Ludovic Rioux, livreur Deliverooà franceinfo
Cet arrêt n'est d'ailleurs pas une véritable première en France puisque la Cour de cassation avait déjà rendu le même type de décision en 2018, alors qu'elle avait été saisie par un coursier à vélo de la société Take Eat Easy, autre plateforme de livraison de repas à domicile qui a depuis été liquidée.
L'avocat Kevin Mention, qui suit une dizaine de dossiers similaires, estime quand même que cet arrêt va "beaucoup plus loin" que cette précédente décision. "Les plateformes, si elles ne changent pas leur modèle aujourd'hui, vont droit dans le mur, car c'est la requalification assurée", avertit-il.

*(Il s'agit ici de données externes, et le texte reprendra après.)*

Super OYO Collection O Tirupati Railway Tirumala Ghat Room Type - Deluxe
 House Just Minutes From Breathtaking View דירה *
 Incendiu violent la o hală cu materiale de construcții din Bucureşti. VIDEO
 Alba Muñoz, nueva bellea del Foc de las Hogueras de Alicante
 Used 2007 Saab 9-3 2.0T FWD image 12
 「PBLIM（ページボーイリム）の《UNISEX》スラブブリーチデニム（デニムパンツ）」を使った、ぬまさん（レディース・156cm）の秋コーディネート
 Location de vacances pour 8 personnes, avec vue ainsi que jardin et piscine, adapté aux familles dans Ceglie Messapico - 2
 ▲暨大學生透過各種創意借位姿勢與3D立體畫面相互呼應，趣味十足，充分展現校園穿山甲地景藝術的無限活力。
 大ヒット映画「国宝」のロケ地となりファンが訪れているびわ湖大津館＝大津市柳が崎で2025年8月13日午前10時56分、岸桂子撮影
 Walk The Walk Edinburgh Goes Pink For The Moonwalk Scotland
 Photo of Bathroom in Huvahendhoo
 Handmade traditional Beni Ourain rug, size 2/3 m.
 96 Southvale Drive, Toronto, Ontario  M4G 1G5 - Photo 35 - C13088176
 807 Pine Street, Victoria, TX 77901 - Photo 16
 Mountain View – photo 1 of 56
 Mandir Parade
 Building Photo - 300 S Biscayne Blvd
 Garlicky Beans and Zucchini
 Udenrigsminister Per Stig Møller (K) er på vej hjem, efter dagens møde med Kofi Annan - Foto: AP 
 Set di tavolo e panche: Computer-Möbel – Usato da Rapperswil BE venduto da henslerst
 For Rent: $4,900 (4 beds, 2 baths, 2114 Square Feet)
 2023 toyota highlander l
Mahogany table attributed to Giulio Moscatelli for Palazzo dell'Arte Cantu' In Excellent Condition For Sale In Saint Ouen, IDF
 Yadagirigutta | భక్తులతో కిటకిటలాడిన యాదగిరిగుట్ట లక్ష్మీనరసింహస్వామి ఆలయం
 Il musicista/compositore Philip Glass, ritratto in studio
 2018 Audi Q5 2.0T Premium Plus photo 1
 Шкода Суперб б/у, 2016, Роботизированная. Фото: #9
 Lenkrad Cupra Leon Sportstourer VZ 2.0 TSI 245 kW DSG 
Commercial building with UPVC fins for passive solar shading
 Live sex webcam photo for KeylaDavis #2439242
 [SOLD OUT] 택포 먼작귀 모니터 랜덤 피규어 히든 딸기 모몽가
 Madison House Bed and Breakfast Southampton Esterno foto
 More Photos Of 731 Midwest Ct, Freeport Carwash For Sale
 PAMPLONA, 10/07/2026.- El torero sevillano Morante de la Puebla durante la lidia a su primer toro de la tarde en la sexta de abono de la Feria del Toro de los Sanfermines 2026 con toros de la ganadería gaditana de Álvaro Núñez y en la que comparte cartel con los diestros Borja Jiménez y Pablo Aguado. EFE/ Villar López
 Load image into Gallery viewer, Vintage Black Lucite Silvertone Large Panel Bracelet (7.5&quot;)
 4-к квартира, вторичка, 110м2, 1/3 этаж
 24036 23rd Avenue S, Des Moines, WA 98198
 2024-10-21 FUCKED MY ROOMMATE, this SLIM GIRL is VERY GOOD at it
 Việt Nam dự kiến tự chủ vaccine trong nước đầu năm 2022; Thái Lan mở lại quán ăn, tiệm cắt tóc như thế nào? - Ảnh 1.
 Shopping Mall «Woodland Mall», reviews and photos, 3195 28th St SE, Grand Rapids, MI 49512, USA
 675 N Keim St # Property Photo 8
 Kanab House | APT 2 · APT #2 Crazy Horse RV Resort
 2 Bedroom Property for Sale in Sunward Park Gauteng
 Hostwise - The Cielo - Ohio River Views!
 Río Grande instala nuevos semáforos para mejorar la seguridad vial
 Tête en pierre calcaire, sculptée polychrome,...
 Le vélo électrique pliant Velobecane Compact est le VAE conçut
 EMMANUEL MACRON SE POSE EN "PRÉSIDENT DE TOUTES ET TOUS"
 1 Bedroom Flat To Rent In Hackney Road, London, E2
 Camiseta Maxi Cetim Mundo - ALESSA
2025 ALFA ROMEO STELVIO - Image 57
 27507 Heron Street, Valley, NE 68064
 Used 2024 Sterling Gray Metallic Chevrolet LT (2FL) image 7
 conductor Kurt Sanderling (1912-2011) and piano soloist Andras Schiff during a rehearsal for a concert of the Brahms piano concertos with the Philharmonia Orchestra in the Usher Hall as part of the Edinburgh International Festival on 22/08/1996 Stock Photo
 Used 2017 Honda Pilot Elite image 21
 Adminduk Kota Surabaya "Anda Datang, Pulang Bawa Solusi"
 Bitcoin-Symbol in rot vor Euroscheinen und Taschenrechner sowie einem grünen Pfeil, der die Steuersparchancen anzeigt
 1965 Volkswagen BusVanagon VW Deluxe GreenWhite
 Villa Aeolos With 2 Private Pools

Il fragilise le modèle économique d'Uber
Est-ce pour autant le début de la fin de l'ubérisation ? "Le modèle économique de ces plateformes a été porté aux nues dans les années 2010, rappelle Joël Hazan, spécialiste des mobilités, dans La Croix. Mais on en revient en grande partie." "Les pays occidentaux ne peuvent pas laisser se développer des emplois aussi précaires", ajoute-t-il. Ce modèle n'a permis à aucune de ces plateformes de générer des profits. En fait, elles auraient plus à gagner avec un modèle de salariat qu'en économisant des charges patronales. Cela leur permettrait notamment d'optimiser leurs opérations."
Confronté à une régulation de plus en plus stricte de son activité sur certains marchés, Uber a porté plainte contre une loi californienne visant à le contraindre à requalifier les conducteurs de VTC en salariés. Plus largement, le statut d'indépendant des travailleurs des plateformes est contesté dans de nombreux pays.
La décision tombe en tout cas à un mauvais moment pour Uber France : l'intersyndicale nationale VTC appelle les chauffeurs à se déconnecter, vendredi 6 mars, de toutes les plateformes (Uber, Bolt, Kapten...) pour dénoncer leurs conditions de travail.